▶ [Work task]
In the data below, restate exactly the lines from the one with "Epinephelus merra - Malediven" to the final line, both included, but not the pictures.
-=-=-=-=-
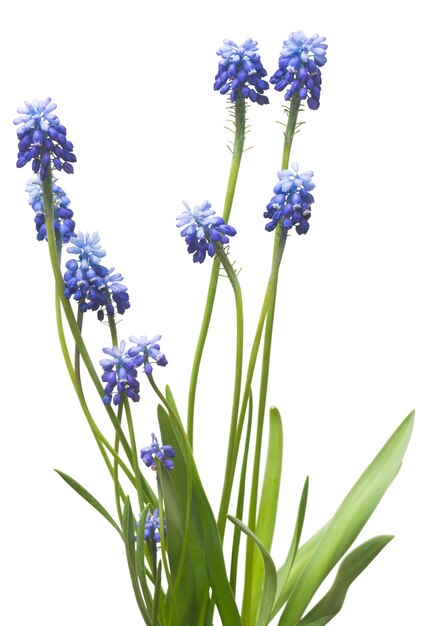 Muscari flowers blue grape hyacinth isolated on white background. Spring concept. Flat lay, top view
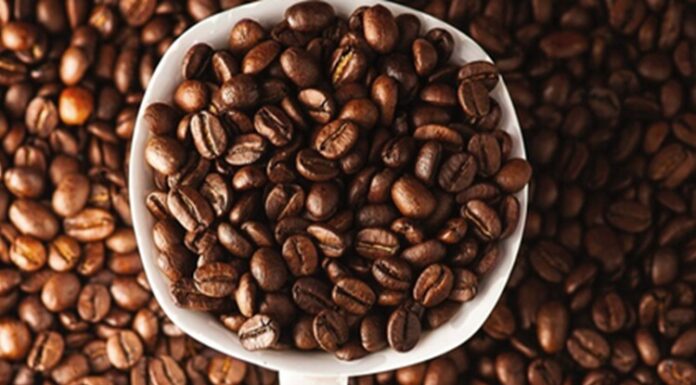 Arabica ve Robusta Arasındaki Farklar Arabica ve Robusta, dünya genelinde en yaygın olarak yetiştirilen iki temel kahve çekirdeği türü olarak öne çıkıyor. Her iki tür de milyonlarca insanın günlük tükettiği kahvelerin temelini oluştururken, yetişme koşullarından aroma profiline, kafein oranından üretim maliyetine kadar birçok farklı özelliğe sahip bulunuyor. Kahve tutkunlarının damak zevkine göre tercih ettiği bu iki çekirdek türü, aynı zamanda küresel kahve sektörü içerisinde önemli bir ekonomik değere sahip. Konulu bir haber görseli.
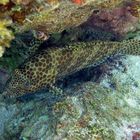 Epinephelus merra - Malediven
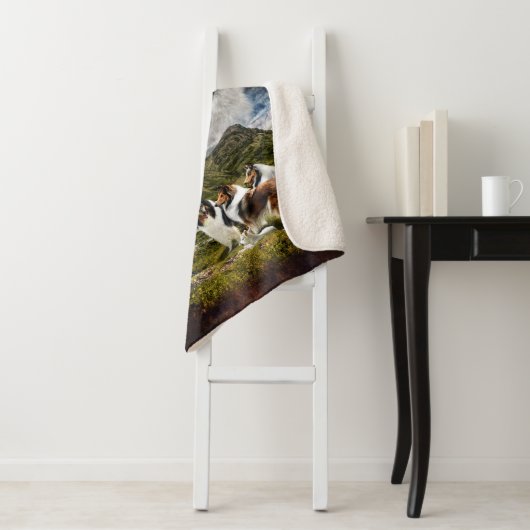 Geen thuis met collies, Sheep Herding, Rustic - Sherpa Deken (In situ)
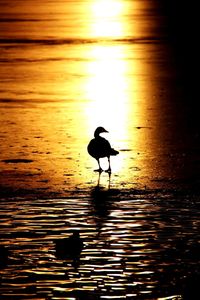 Silhouette bird in a sea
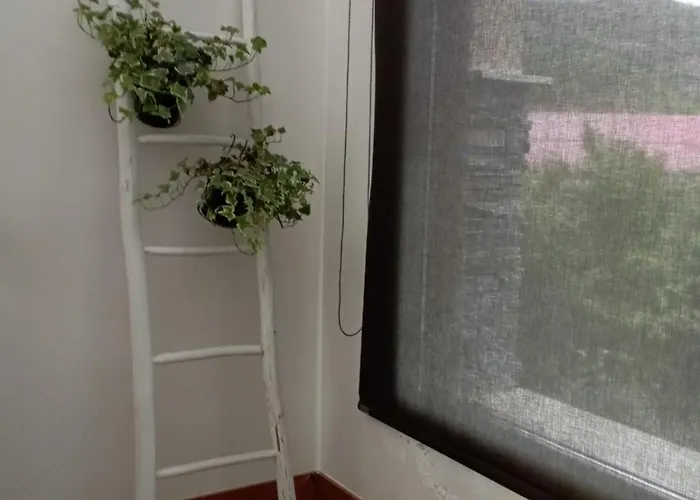 Rural Rio Molinar Ranera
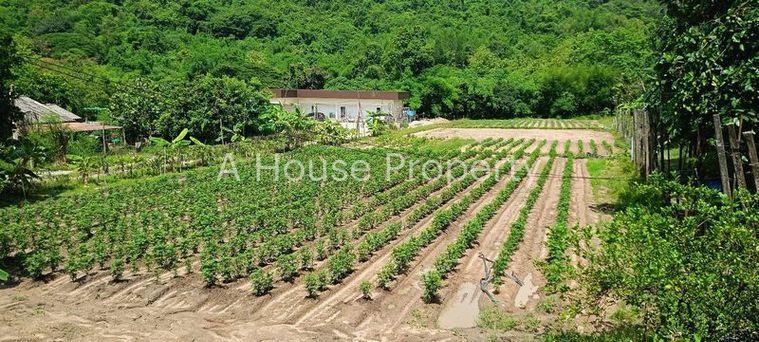 รูป ขายที่ดินบ่อวิน ศรีราชา ชลบุรี แปลงสวย ทำเลดี ติดภูเขา - รูปที่ 6/14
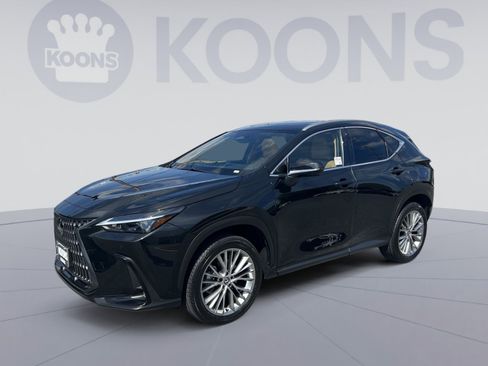 Used 2025 Lexus NX 350 AWD w/ Accessory Package (2T) image 1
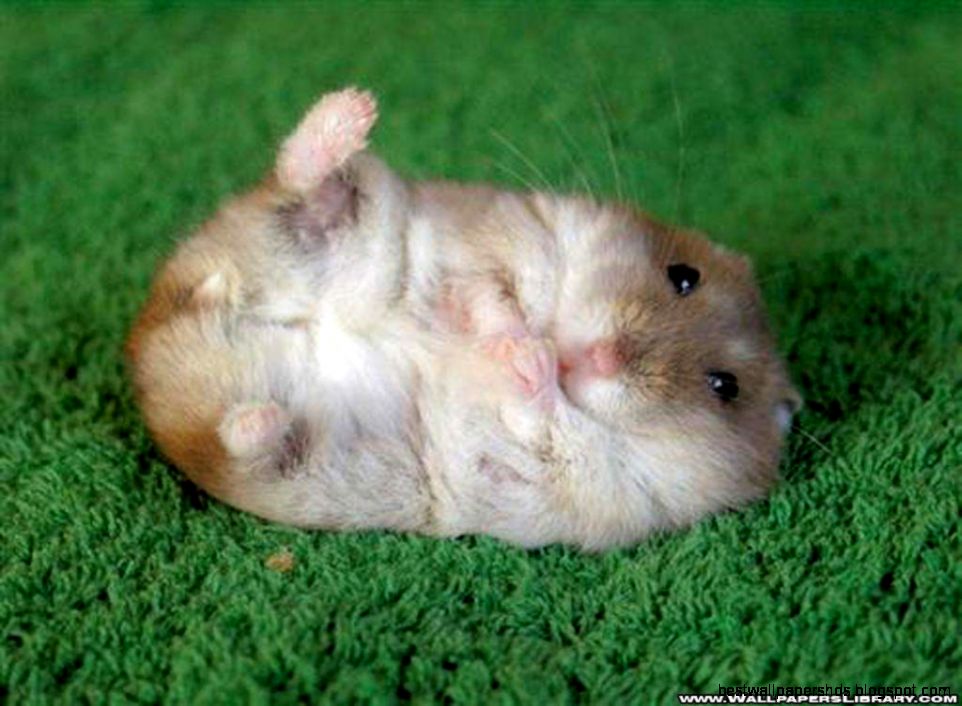 Funny Hamster Photos 4 Cool Wallpapers HD  HD Image Wallpaper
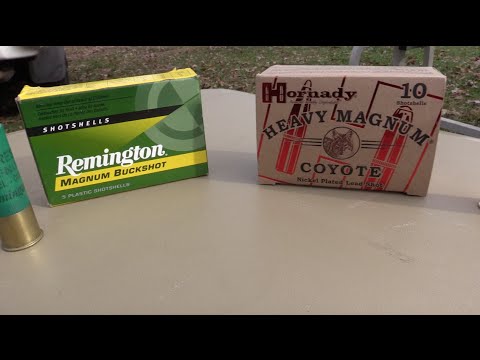 Remington VS. Hornady "00 Buckshot Test"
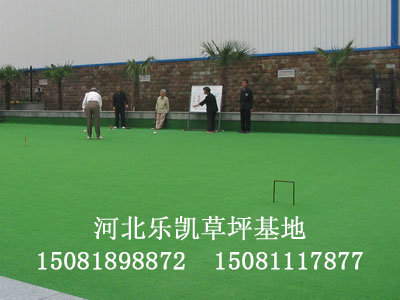 乐凯草坪，绿化的先锋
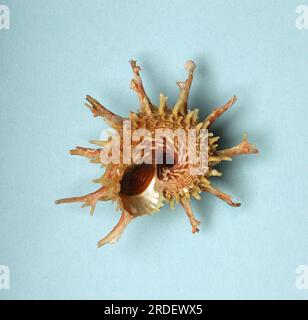 Angaria vicdani, Angariidae Foto Stock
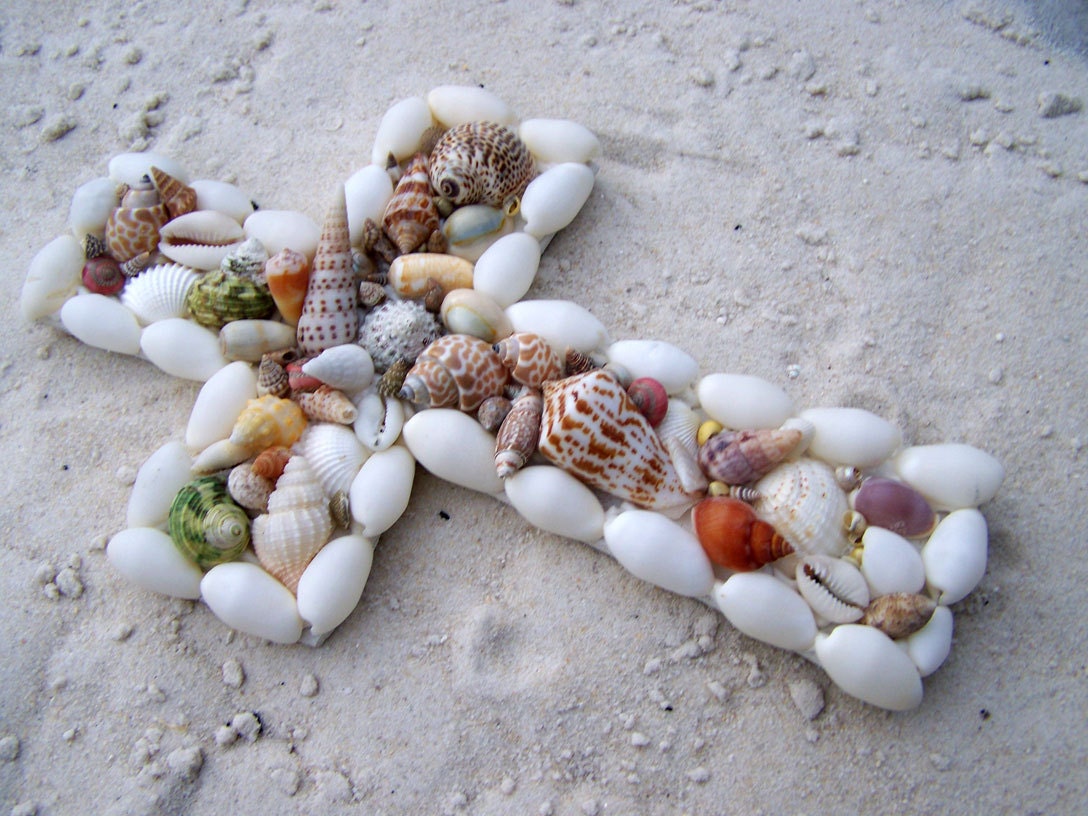 Cross Seashell Mosaic in Colorful Natural Shells Small 9x6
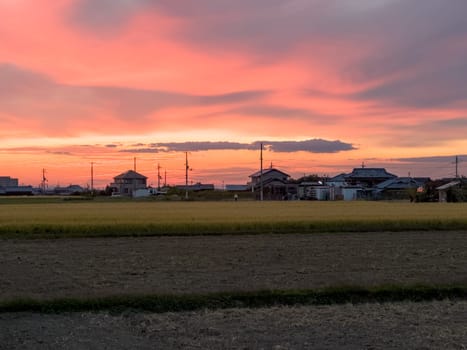 Beautiful sunset color in glowing sky over rice fields and Japanese homes. High quality photo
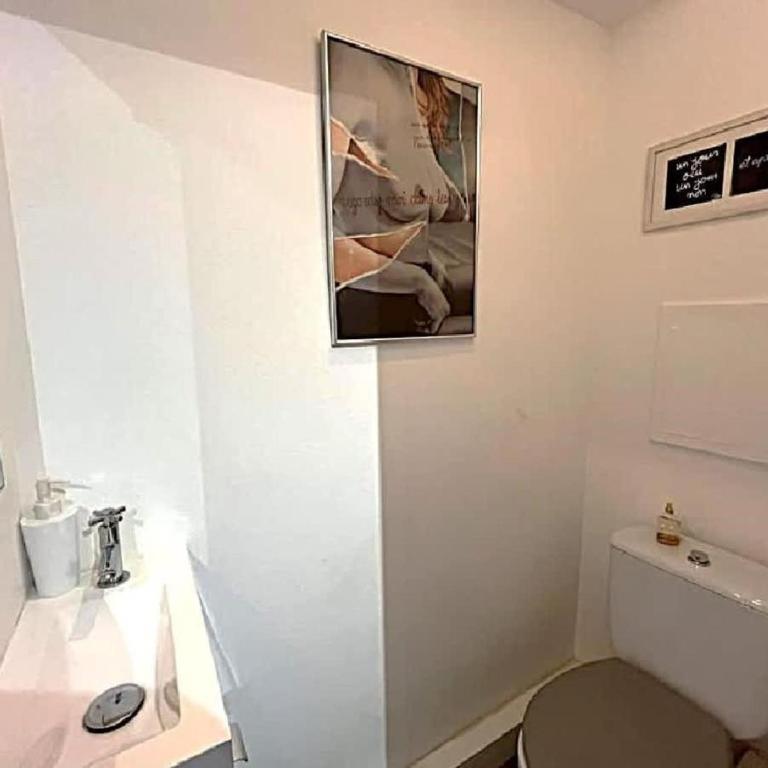 L'ILOT avec balcon, mignon et charmant, un havre de paix au cœur du centre-ville - Appartement 1 Chambre - 18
-=-=-=-=-
▶ [Answer area]
 Epinephelus merra - Malediven
 Geen thuis met collies, Sheep Herding, Rustic - Sherpa Deken (In situ)
 Silhouette bird in a sea
 Rural Rio Molinar Ranera
 รูป ขายที่ดินบ่อวิน ศรีราชา ชลบุรี แปลงสวย ทำเลดี ติดภูเขา - รูปที่ 6/14
 Used 2025 Lexus NX 350 AWD w/ Accessory Package (2T) image 1
 Funny Hamster Photos 4 Cool Wallpapers HD  HD Image Wallpaper
 Remington VS. Hornady "00 Buckshot Test"
 乐凯草坪，绿化的先锋
 Angaria vicdani, Angariidae Foto Stock
 Cross Seashell Mosaic in Colorful Natural Shells Small 9x6
 Beautiful sunset color in glowing sky over rice fields and Japanese homes. High quality photo
 L'ILOT avec balcon, mignon et charmant, un havre de paix au cœur du centre-ville - Appartement 1 Chambre - 18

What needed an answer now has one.